> _Problem_
Using the records that appear below, write out exactly the lines from the one with "Cover of Sallon: Her" through the one with "RENAULT Arkana Arkana 1.3 TCe mHEV Zen EDC", keeping both end lines.

> _Data for the task_

■ ■ ■ ■

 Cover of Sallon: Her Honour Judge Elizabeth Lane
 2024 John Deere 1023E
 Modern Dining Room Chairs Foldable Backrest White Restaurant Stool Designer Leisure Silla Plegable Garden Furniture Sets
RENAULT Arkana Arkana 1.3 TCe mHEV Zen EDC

■ ■ ■ ■

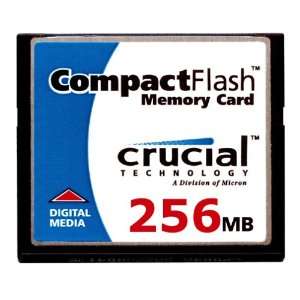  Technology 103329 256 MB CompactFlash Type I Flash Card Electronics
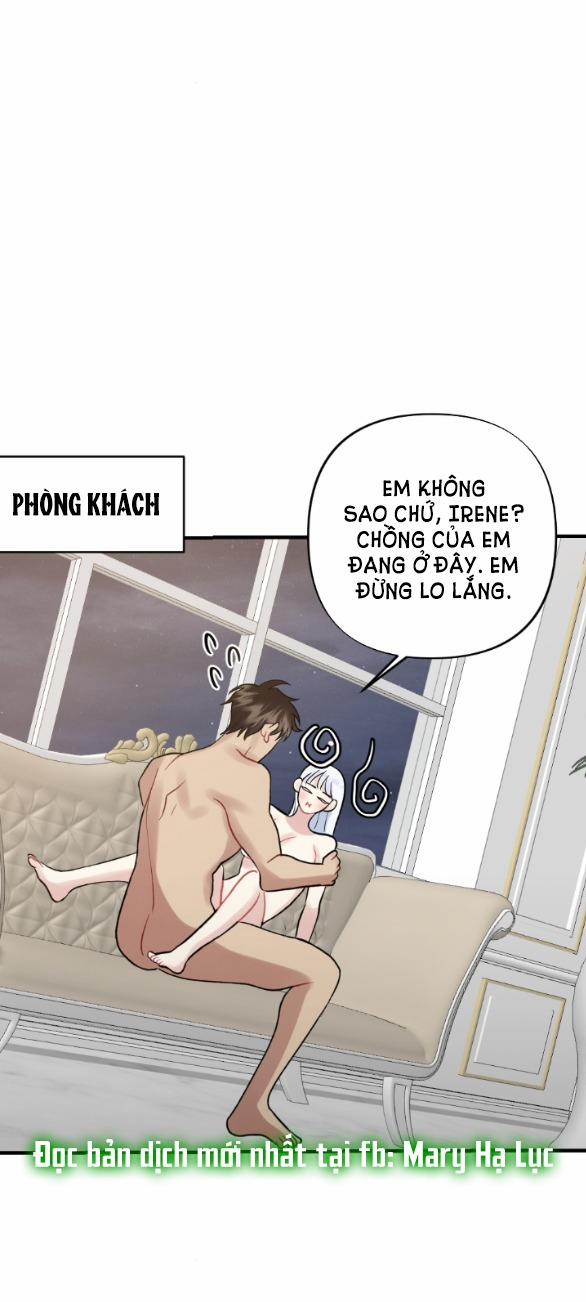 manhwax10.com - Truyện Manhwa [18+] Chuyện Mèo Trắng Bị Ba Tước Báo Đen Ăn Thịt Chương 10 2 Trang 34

■ ■ ■ ■

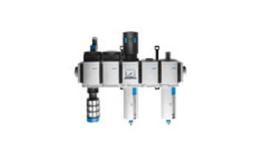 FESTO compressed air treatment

■ ■ ■ ■

> _Task result_
 Cover of Sallon: Her Honour Judge Elizabeth Lane
 2024 John Deere 1023E
 Modern Dining Room Chairs Foldable Backrest White Restaurant Stool Designer Leisure Silla Plegable Garden Furniture Sets
RENAULT Arkana Arkana 1.3 TCe mHEV Zen EDC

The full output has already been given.